**Exercise objective:** Please find the line that holds "Photo 3 VIN: JN8AZ1MWXDW313692" below and reproduce it, along with every line after it through the end, exactly and without pictures.

**Provided data:**
◆ ◆ ◆ ◆ ◆ ◆ ◆
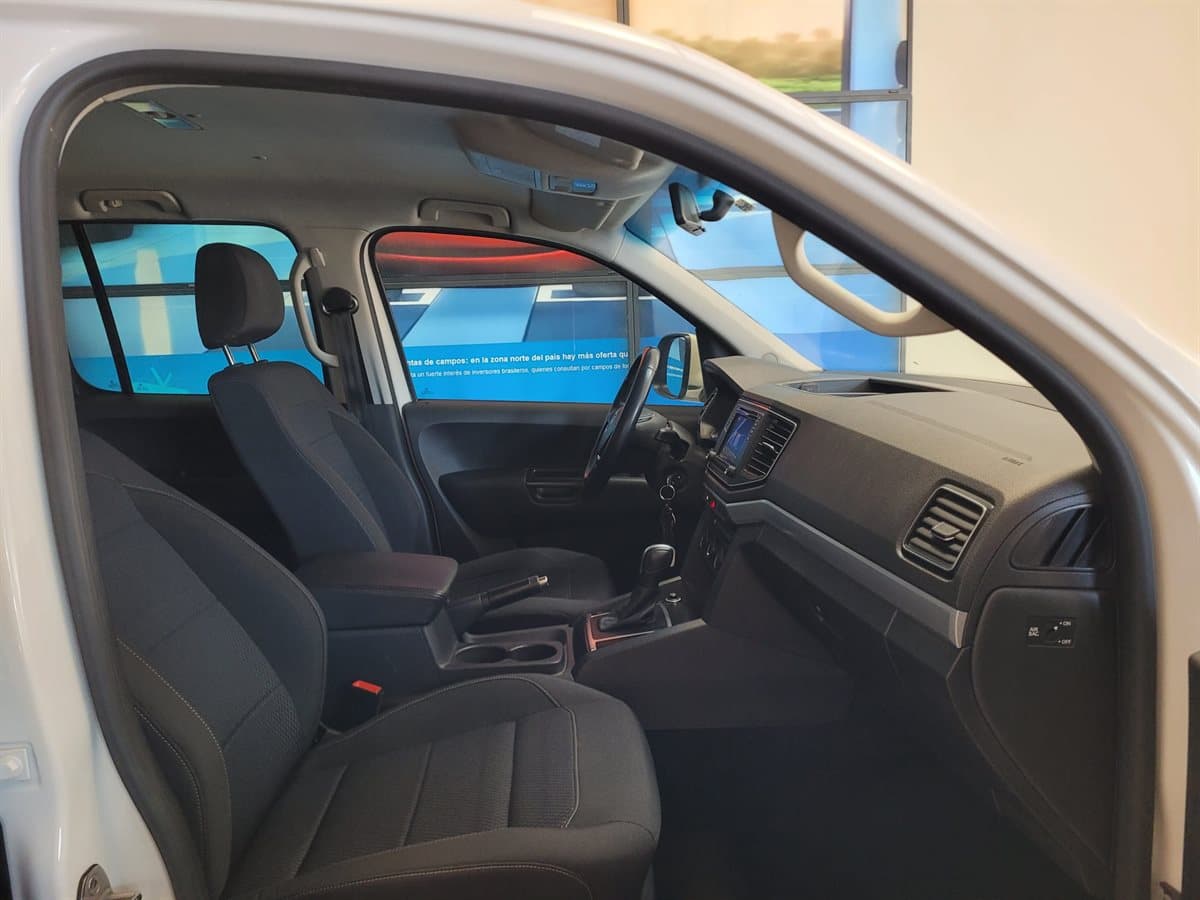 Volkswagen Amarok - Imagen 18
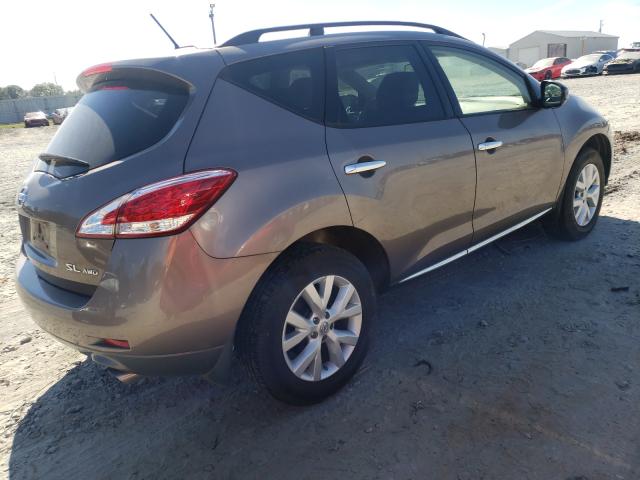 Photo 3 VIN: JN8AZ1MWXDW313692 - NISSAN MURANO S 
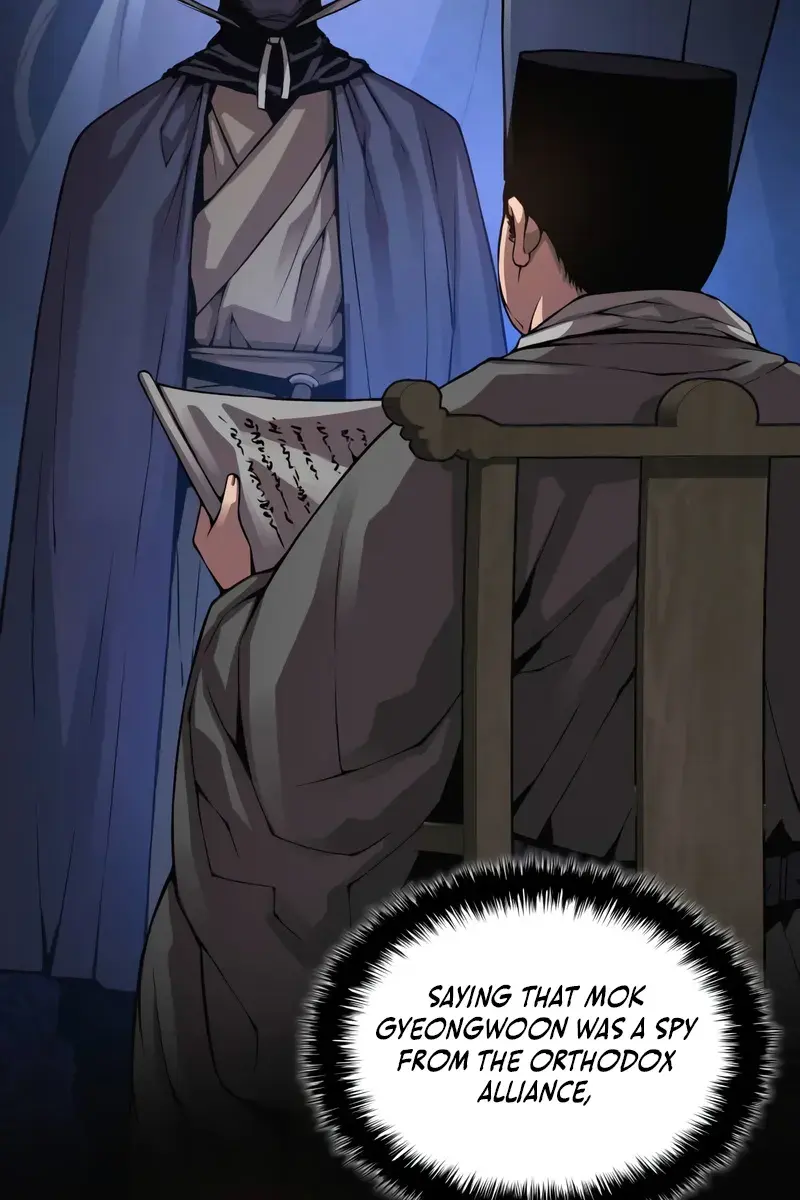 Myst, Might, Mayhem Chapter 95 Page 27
◆ ◆ ◆ ◆ ◆ ◆ ◆
**Output for this task:**
 Photo 3 VIN: JN8AZ1MWXDW313692 - NISSAN MURANO S 
 Myst, Might, Mayhem Chapter 95 Page 27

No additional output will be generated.